As an American, I suppose I should thank the Norwegians for awarding the Nobel Peace Prize to my president.

And as an observer of the political process, I do thank them for making conservatives go so entertainingly berserk.

But as a parent, I can't help thinking this weirdly premature honor undercuts some of the basic lessons that responsible adults try to teach their offspring.

Life is not a popularity contest, we tell them as they're growing up. And when they don't follow through on something, we say: You don't get points for good intentions; you have to act on them.

OK, so we lie on the first one. Life really is a popularity contest in many ways, but sometimes the contest rewards too many of the wrong things (like personality over ability or money over character) and we don't want them buying into that social construct. Unless, of course, we were popular ourselves, which I know for a fact I was not because an eighth-grade teacher told me so.

Now, it turns out we've been lying on the second point, too. Apparently, it is possible to get points for good intentions if you're popular. In fact, the road to Oslo is paved with them.

This is not a slap at Barack Obama, who never sought the prize and said straight out that he didn't feel he deserved it compared to others who have worked longer and accomplished more in the quest for peace (whatever "peace" means to a body that once gave the prize to Henry Kissinger but ignored Mohandas Gandhi).

But I still wish the president had declined the honor, which made the Nobel committee look like an over-eager suitor.

"It's not that I don't love the award, but I'm not in love with it," he could have said. "I'm flattered by the attention, but I'm just not ready for a lifetime commitment. I need some time to get out there and make my mark. Let's see how it goes and talk about it again in a few years. I hope we can still be friends."

That would have cleared the way for a worthier recipient and his/her cause to get some world-wide attention. Someone, for example, like Dr. Izzeldin al-Aish, a Palestinian obstetrician, public health expert and longtime peace activist who continues to promote joint Israeli-Palestinian projects even after his three daughters and a niece were killed in their Gaza home by an Israeli shell in January. Or Judea Pearl, the Israeli-born father of slain Wall Street Journal reporter Danny Pearl, who founded the Daniel Pearl Dialogue for Muslim-Jewish Understanding after his son was beheaded by al-Qaida terrorists in Karachi, Pakistan.

Declining the prize also would have been a great lesson for the president's daughters -- and the Obamas seem like terrific parents -- on the difference between intention and achievement.

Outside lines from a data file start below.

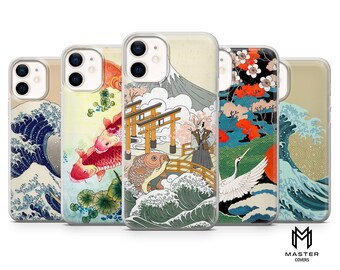 Great Wave Phone Case Hokusai Cover for iPhone 15 14 13 12 Pro 11 XR 8 7, Samsung S23 S22 A73 A53 A13 A14 S21 Fe S20, Pixel 8 7 6A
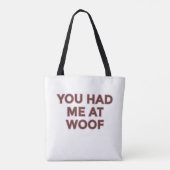 Tote Bag Tu m'as eu à Ouah | Conception pour amateurs d'ani (Dos)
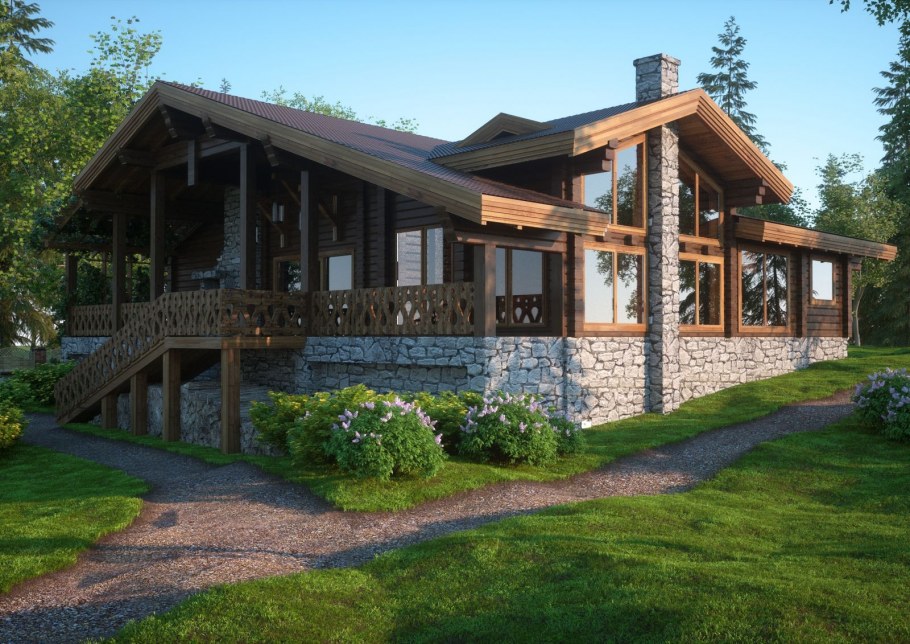 Нарвик дом из клееного бруса проект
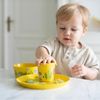 Koziol Becher Connect Cup S Africa, Kinderbecher, Kunststoff-Holz-Mix, Organic Yellow, 190 ml, 1415681 Bild 2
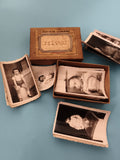 Photographies anciennes noir et blanc années 40-50 boîte Société Lumière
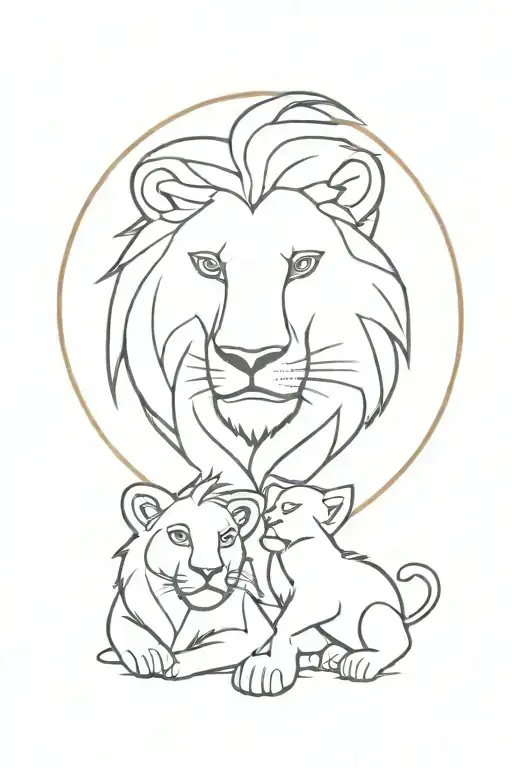 Father Son Lion King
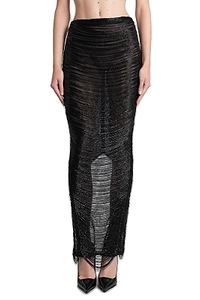 Monot Zipped Tulle Maxi Skirt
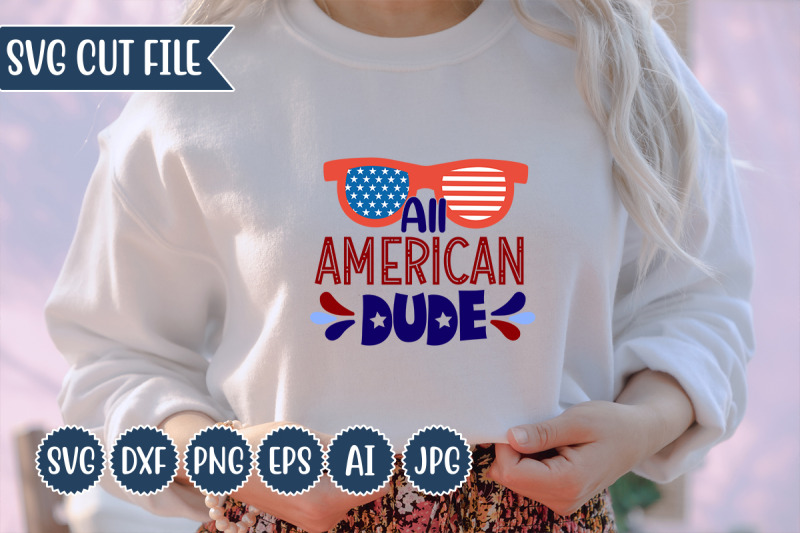 all-american-dude-svg-design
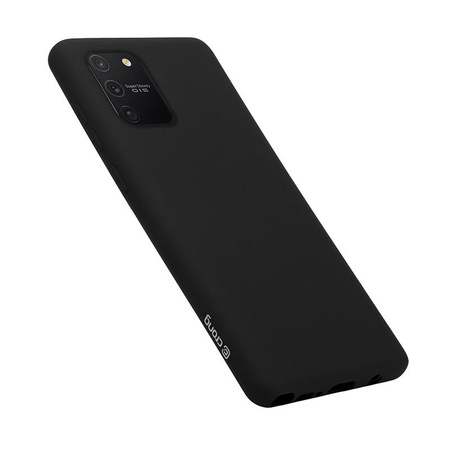 Barevný kryt Crong - pouzdro pro Samsung Galaxy S10 Lite (černé)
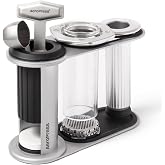 AeroPress Stainless Steel Organizer Stand | High-End Coffee Bar Station, Compact Storage Solution, Fits Premium, Clear, and Original Manual Coffee Maker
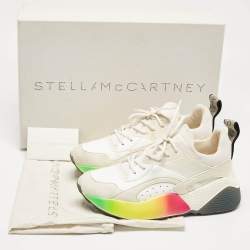 Stella McCartney Multicolor Faux Leather Eclypse Lace Up Sneakers Size 38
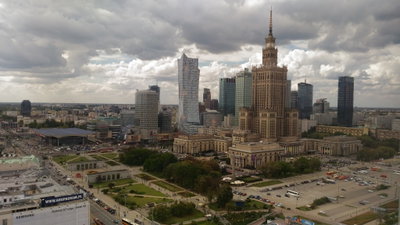Centro financiero varsovia, Warsaw — photos through time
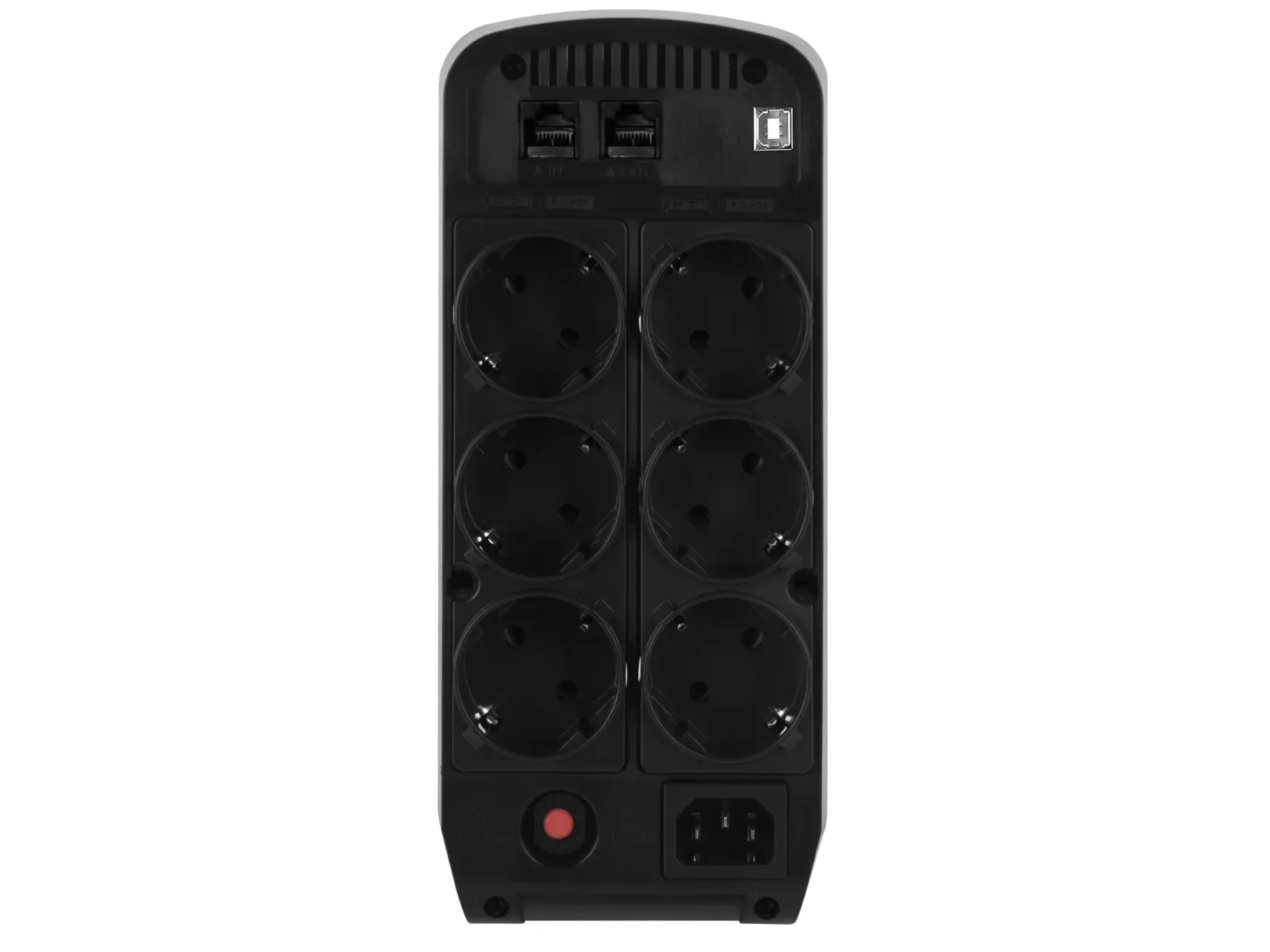 CyberPower PFC Sinewave Series CP550EPFCLCD - UPS - AC 230 V - 330 Watt - 550 VA - 7 At - USB - output-stikforbindelser: 6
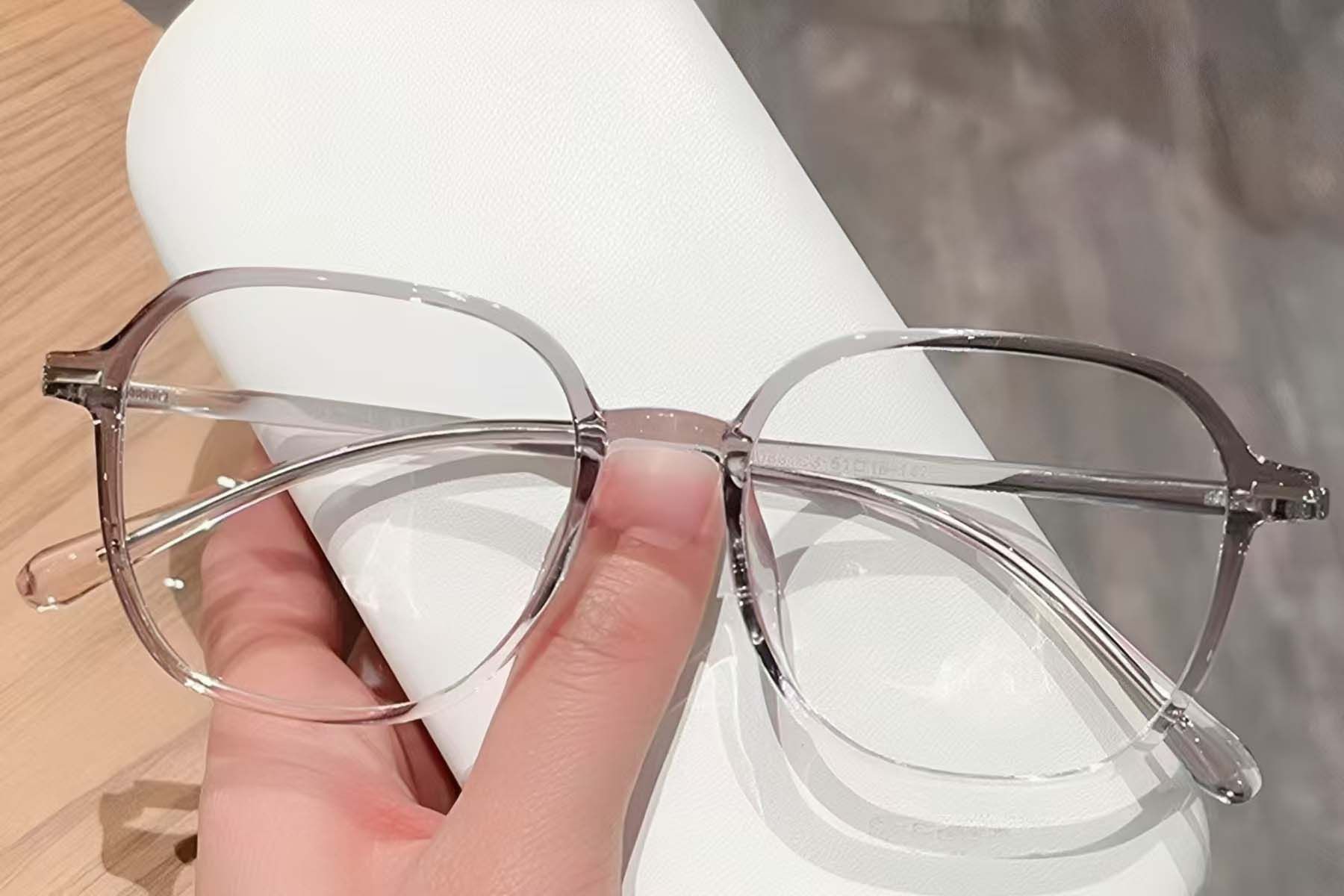 Oval Grey TR90 Glasses #BS423-0509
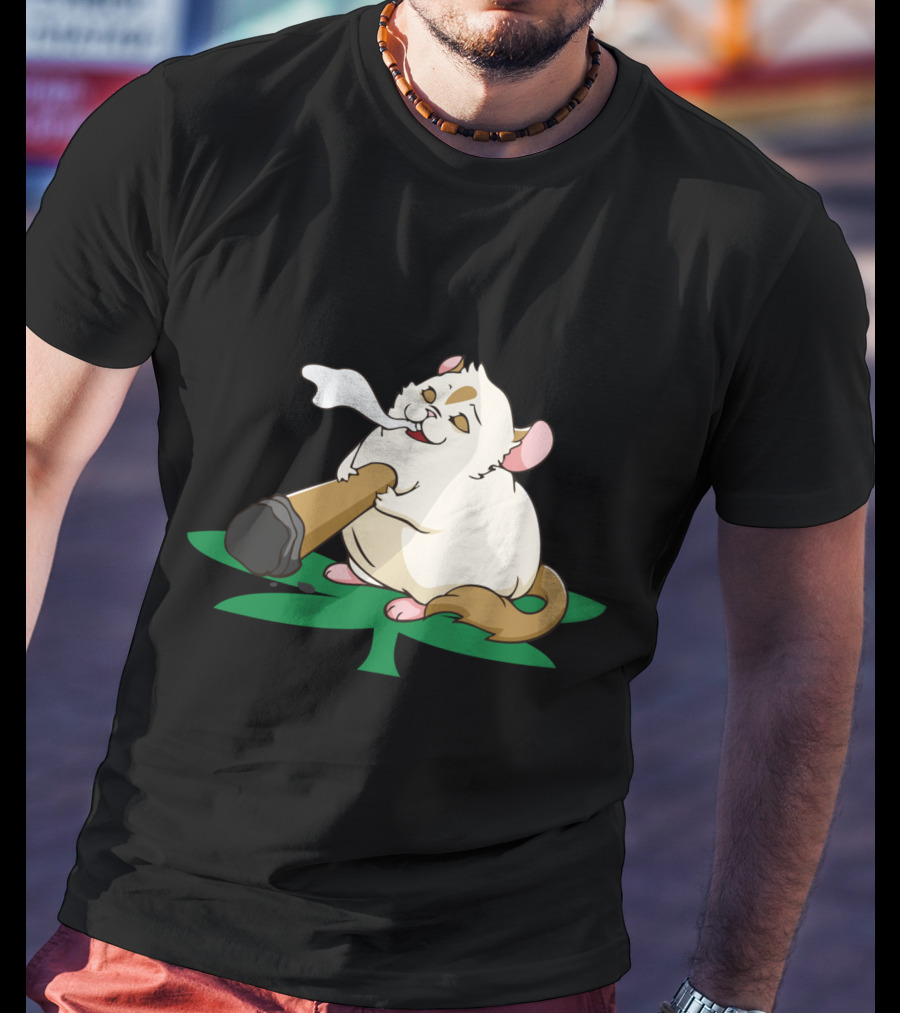 Chinchillin Weed Smoking Chinchilla THC Marijuana Cannabis Leaf T-Shirt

But he didn't -- and in all fairness, not many would have. Now there's no going back.

The announcement not only brought predictable outrage from the right, which sees the president as the anti-Christ in a suit. It also prompted snarky remarks from the left, which wants a leader loaded for bear but seems to think the president is carrying a pop gun instead. Even the folks in the middle had trouble figuring this one out.

The committee seems to be rewarding Mr. Obama essentially for not being his predecessor, which is a measure of how far the country's stature dropped under George W. Bush. Plus, this choice gave the Norwegians a chance to vote for Mr. Obama since they weren't allowed to in last year's U.S. presidential election.

They must have thought the gold medal would help him by raising his status on the world stage. But they didn't do him any favors on the home front by jumping the gun.

In case they hadn't noticed, the administration is neck deep in negotiations over health-care reform. A lot of people think the president has been too timid on the public option and too deferential to an opposition that would rather slit its own throat than help him pass a key initiative. The last thing they want is more peace-seeking with Republicans who've sworn to block him at every turn.

Then there's the other Big Muddy that Mr. Obama's administration inherited, in the form of two wars with no peace on the horizon, while the nation's spread sheet looks like a Jackson Pollock painting.

Mr. Obama didn't make this mess, but it's his mess now. He also didn't need the distraction of a precipitous prize being used against him through no fault of his own.

It would be great for the country and for him if his efforts bear fruit and he winds up deserving the Nobel Peace Prize. Meanwhile, as an American and a parent, prize or no prize, I have to say I'd rather have a president working hard on good intentions than on bad ones.